> [Problem to work on]: Give back, unchanged, the lines from the one containing "Luke - geboren, um zu schützen..." to the end of the listing, inclusive of both.
^^^^^^^^^^^^^^^^
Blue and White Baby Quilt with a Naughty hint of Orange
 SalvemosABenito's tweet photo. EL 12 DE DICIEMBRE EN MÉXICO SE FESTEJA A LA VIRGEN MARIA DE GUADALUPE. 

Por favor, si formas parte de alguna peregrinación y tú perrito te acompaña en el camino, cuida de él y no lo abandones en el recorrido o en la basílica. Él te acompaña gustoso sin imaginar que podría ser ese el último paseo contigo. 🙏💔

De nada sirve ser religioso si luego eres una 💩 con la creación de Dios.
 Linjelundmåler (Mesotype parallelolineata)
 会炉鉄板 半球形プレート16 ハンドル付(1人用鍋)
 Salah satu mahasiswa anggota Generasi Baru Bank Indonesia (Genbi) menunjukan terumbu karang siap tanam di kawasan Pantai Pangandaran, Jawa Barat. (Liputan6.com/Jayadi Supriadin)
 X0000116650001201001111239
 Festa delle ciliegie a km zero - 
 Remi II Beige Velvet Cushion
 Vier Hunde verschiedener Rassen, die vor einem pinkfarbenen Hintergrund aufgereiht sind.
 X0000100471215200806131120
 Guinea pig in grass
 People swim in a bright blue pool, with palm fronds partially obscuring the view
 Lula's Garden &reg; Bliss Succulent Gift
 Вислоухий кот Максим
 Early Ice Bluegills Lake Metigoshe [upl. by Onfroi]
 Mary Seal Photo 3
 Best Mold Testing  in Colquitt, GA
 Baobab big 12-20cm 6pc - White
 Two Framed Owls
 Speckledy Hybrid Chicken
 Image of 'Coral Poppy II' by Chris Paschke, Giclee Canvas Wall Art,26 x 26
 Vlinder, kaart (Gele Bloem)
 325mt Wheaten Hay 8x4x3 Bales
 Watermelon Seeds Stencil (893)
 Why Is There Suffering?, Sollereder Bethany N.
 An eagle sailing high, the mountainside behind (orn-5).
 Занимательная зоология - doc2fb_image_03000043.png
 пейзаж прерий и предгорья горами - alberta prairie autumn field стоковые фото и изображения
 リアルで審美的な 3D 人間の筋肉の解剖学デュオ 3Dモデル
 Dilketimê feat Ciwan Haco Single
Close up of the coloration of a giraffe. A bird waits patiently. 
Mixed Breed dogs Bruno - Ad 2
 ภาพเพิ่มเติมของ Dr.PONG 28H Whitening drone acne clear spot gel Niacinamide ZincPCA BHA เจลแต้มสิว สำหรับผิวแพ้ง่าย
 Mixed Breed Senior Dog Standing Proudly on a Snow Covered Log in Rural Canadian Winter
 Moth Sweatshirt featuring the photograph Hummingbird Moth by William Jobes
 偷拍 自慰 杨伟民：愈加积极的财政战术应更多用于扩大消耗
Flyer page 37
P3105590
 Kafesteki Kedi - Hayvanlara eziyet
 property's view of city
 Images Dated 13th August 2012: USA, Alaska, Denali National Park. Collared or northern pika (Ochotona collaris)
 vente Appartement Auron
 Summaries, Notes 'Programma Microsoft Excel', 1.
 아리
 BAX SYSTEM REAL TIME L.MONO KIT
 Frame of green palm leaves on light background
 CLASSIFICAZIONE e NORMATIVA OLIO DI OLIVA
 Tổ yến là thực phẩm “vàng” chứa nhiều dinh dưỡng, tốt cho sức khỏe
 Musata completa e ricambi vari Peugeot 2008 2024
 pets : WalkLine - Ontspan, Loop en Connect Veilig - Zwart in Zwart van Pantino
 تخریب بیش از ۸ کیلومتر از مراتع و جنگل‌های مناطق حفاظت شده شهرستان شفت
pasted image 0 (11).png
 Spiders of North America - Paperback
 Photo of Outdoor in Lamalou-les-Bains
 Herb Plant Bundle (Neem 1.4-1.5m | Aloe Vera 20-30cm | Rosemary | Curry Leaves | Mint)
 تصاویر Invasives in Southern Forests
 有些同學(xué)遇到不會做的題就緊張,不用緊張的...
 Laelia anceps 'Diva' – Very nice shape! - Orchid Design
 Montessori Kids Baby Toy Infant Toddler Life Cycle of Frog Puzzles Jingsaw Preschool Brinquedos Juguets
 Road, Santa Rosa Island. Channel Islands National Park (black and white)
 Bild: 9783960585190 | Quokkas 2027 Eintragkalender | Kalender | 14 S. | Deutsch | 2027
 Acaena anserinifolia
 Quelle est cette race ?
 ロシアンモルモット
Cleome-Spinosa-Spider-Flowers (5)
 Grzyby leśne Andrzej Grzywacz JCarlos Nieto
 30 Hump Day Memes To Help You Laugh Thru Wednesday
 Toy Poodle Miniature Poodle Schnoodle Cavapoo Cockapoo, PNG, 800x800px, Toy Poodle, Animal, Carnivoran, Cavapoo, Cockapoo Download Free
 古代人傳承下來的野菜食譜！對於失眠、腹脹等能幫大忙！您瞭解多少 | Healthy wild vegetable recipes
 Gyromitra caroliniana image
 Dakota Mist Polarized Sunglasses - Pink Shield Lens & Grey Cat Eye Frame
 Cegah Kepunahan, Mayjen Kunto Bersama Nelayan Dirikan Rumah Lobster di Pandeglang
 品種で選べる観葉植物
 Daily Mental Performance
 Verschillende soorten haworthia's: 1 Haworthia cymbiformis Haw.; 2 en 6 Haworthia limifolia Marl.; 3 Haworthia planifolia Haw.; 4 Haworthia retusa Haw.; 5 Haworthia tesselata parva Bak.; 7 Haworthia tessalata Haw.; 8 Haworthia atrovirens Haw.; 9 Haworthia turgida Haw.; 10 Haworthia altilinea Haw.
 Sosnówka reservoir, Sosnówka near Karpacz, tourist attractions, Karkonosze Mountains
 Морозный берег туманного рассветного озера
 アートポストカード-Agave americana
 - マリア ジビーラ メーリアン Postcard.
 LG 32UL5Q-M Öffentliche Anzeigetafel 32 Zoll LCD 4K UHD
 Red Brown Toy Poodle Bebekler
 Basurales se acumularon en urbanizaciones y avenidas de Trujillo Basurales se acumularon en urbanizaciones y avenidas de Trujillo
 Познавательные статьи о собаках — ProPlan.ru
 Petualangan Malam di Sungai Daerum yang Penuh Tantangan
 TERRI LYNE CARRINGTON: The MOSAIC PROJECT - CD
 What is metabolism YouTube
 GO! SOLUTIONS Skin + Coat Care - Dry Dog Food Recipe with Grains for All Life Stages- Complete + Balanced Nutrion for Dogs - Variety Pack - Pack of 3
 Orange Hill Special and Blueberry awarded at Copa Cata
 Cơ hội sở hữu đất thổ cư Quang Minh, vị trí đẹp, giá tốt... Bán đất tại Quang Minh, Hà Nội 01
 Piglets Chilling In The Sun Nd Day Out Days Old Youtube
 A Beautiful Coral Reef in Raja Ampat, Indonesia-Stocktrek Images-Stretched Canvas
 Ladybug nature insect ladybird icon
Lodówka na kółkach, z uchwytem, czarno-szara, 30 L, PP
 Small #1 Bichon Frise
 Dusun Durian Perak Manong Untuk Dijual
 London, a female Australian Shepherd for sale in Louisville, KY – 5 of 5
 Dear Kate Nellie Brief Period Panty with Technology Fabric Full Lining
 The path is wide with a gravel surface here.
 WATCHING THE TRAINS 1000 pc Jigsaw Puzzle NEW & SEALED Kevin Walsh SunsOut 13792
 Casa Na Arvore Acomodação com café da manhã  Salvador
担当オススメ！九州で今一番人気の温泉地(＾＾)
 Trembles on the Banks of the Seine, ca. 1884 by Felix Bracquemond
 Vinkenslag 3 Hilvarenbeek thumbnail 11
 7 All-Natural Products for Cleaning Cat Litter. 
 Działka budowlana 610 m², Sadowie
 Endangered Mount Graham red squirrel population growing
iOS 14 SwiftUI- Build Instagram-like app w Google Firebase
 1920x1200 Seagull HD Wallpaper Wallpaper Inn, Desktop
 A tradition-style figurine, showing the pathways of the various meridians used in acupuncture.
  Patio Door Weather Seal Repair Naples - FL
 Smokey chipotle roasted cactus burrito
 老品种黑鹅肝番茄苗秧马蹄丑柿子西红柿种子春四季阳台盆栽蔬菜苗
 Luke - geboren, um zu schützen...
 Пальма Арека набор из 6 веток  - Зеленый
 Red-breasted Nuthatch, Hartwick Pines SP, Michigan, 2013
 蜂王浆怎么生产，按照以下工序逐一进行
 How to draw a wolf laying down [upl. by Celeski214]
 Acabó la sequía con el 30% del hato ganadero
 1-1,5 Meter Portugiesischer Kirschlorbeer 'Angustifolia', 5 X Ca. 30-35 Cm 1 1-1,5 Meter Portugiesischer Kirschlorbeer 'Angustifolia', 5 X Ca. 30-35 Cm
^^^^^^^^^^^^^^^^
> [Solution]:
 Luke - geboren, um zu schützen...
 Пальма Арека набор из 6 веток  - Зеленый
 Red-breasted Nuthatch, Hartwick Pines SP, Michigan, 2013
 蜂王浆怎么生产，按照以下工序逐一进行
 How to draw a wolf laying down [upl. by Celeski214]
 Acabó la sequía con el 30% del hato ganadero
 1-1,5 Meter Portugiesischer Kirschlorbeer 'Angustifolia', 5 X Ca. 30-35 Cm 1 1-1,5 Meter Portugiesischer Kirschlorbeer 'Angustifolia', 5 X Ca. 30-35 Cm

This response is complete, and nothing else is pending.